You Know All Those Polish Jokes?
They are true. I've been working with a Polish shipping company in Chicago trying to mail a package to Poland. One cannot use the post office because the package will never get where it's going - The Polish Postal Service will "lose" it but blame the USPS. Umm hmm. I'm sure it's the USPS that opens up my birthday and Christmas cards too. Anyway, this company is quite good and trustworthy but when I call them in Chicago do they speak English? No. Obviously, they want to exclude Americans from using their service. A little silly considering there are 300 million Americans living in the US and only 1.5 million Poles. Also, they are based in Chicago and last time I checked that was in the United States where you know, people speak English (or Spanish but I doubt many Mexicans are shipping to Poland so I can understand that).So eventually I was transferred to the person I wanted to speak with and he promised to fax me the customs forms directly. As an American, I expected that to happen the same day. As someone who has dealt with Poles, I should have known that meant sometime the next week.

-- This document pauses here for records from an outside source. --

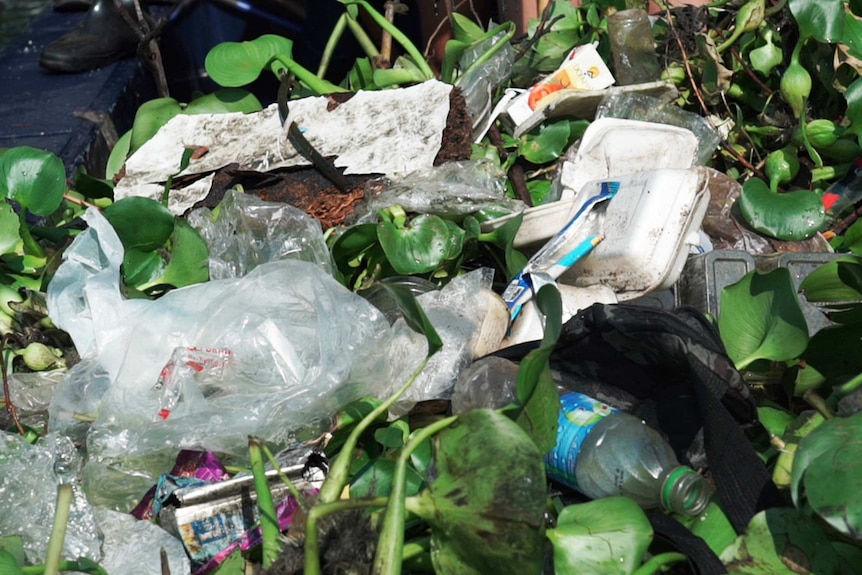 Plastic bottles, plastic bags and styrofoam food containers sit on top of plants poking above the water.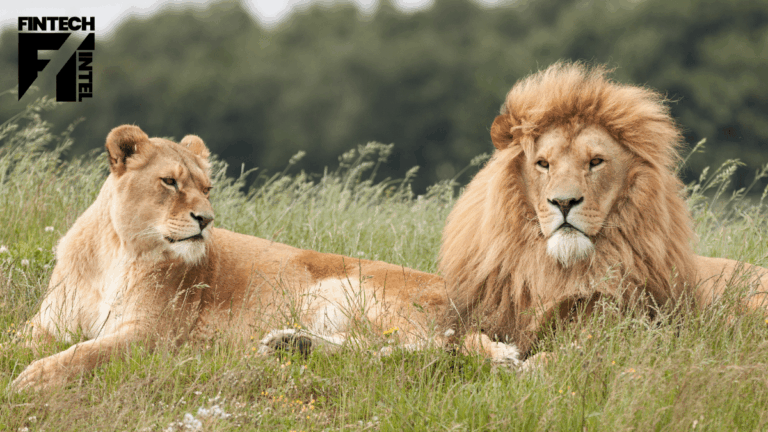 Akoni Hub Planet Saver account to support green projects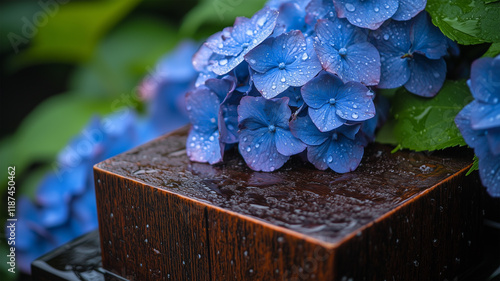 梅雨時期の賽銭箱と雨粒が輝く紫陽花の接写 photo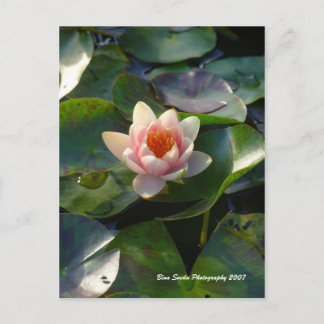 Water Lilly Briefkaart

Then I took a look at these customs forms. What the hell? There are fields where you have to describe what's in the package. Categories include:
Clothes
Socks
Shirts
Pants
Jackets
Dresses
Men's
Women's
Children's
Cocoa
Food
Chewing Gum
Candy
Chocolate
Raisins
Now can you explain to me why there is a general category for clothes, then specific clothing items, then men's, women's and children's? Or why raisins gets its own category? Are raisins not food? Are many people shipping raisins to Poland?
My favorite category is Vegeta. I'm assuming this is for vegetables, but you can't ship produce so I'm confused. Also, the entire form is in Polish and English and the Polish translation is also Vegeta (Polish word for vegetables: Warzywa). I don't get it. Also, no category for books, toys, things that people generally ship. Whatever, I'm making up my own categories.